Parallèlement, après avoir atteint un plus bas historique en octobre à 0,6 %, l’inflation sous jacente (hors énergie et produits alimentaires) a affiché un niveau de 0,8 % en novembre, confirmant que le risque de déflation est toujours présent outre-Atlantique. En moyenne annuelle, l’inflation restera largement sous contrôle et devrait atteindre 1,6 % cette année et 1,7 % en 2011.

 

 

La déflation rode toujours outre-Atlantique

 

Sources : Bureau of Labor Statistics, Datastream

 

Par ailleurs, après être tombée en territoire négatif pour la première fois depuis juin 2009 en octobre à -0,2 %, la production industrielle américaine a progressé de 0,4 % en novembre, portant son glissement annuel à 5,4 %. L’industrie américaine a essentiellement bénéficié d’une hausse de 1,9 % dans le secteur public dont une augmentation de 6 % de la production de gaz. Le secteur «défense et aérospatiale» a également contribué à la bonne performance du mois de novembre en progressant de 1,5 %. Dans ce cadre, le taux d’utilisation des capacités de production a atteint 75,2 % en novembre soit un plus haut depuis la chute de Lehman Brothers en octobre 2008.

 

Le taux d’utilisation des capacités de production au plus haut depuis octobre 2008.

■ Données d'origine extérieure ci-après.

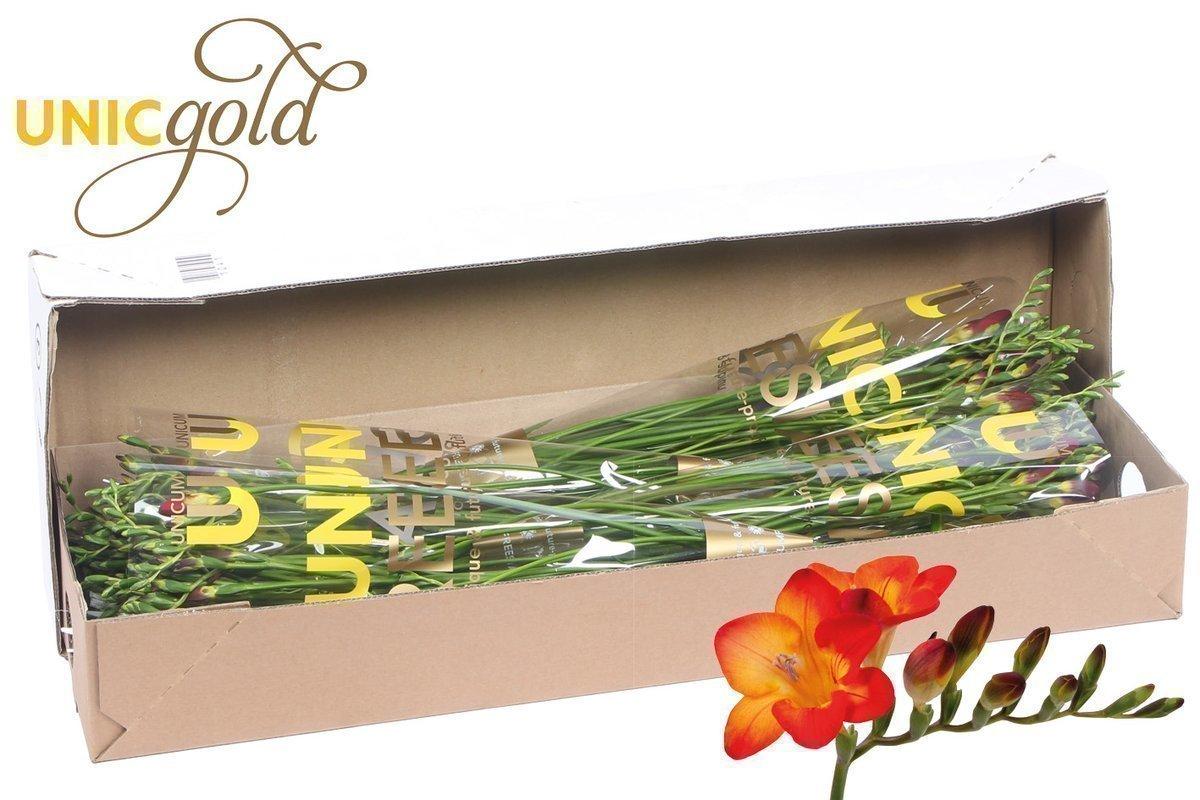 Срезанные цветы оптом Freesia si red baron от 100шт. из Голландии с доставкой по России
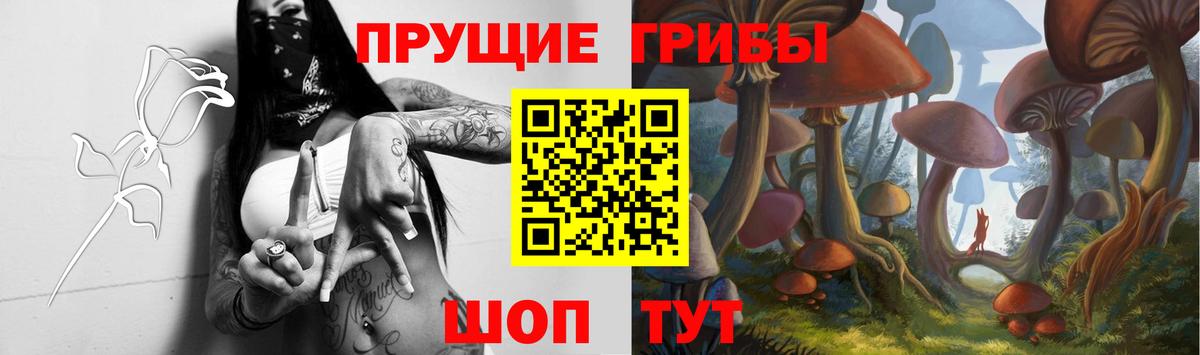 Видное  Псилоцибиновые грибы Magic Shrooms  где купить наркотик  Вход с VPN 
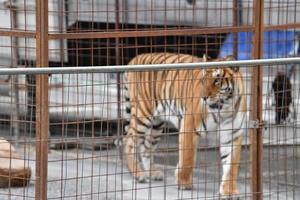 tigre enjaulado de circo foto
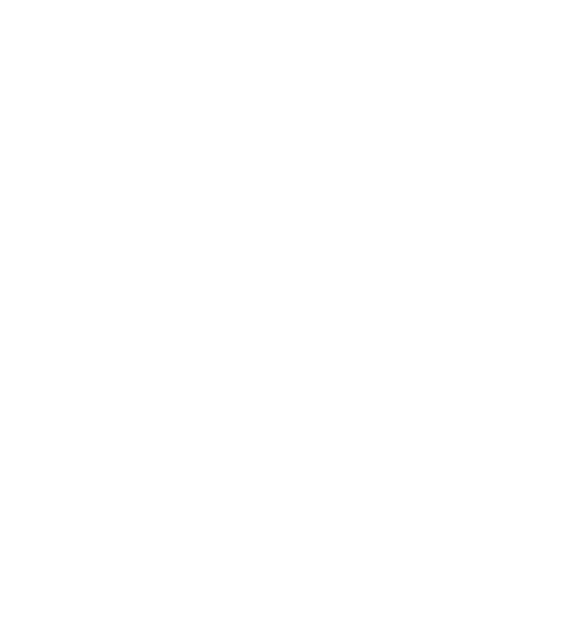 Final Stop Security Logo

Sources : Federal Reserve, BEA, Datastream

Enfin si le secteur de la construction se redresse progressivement, il n’en reste pas moins fragile. Ainsi les mises en chantier ont légèrement augmenté en novembre pour atteindre 555 000 affichant une hausse de 16 % depuis leur plus bas d’avril 2009 à 477 000. En revanche les permis de construire, un indicateur avancé des mises en chantier, ont retrouvé le chemin de la baisse pour tomber à 530 000 soit à peine plus haut que leur plus bas en mars 2009 à 522 000.

 

Le secteur de la construction reste fragile

Sources : Department of Commerce, BEA, Datastream

 

 


En conclusion la reprise se poursuit outre-Atlantique tant au niveau de la production industrielle que de la consommation des ménages et le PIB américain devrait afficher une croissance d’environ 3 % cette année.

 

 

Jérôme Boué

 

 

 

 

 

 



La météo économique de la semaine écoulée :



 


Les évènements à suivre du 20 au 24 décembre :


Etats-Unis : la reprise se poursuit.


L’actualité économico-statistique sera essentiellement américaine cette semaine. Nous suivrons la publication finale des comptes nationaux pour le troisième trimestre en rythme annualisé (mercredi) ainsi que les commandes de biens durables (jeudi), pour finir par les revenus et les dépenses des ménages (jeudi également).

 

 

Mercredi 22 décembre, 14h30 (heure de Paris) : petite révision haussière du PIB américain au troisième trimestre.

 

Tiré par la bonne tenue de la consommation des ménages, le PIB américain devrait connaître une petite révision haussière et afficher une croissance de 2,8 % en rythme annualisé au troisième trimestre. En dépit d’une job machine toujours grippée, l’économie américaine monte progressivement en puissance et devrait afficher une croissance de 3,5 % au quatrième trimestre.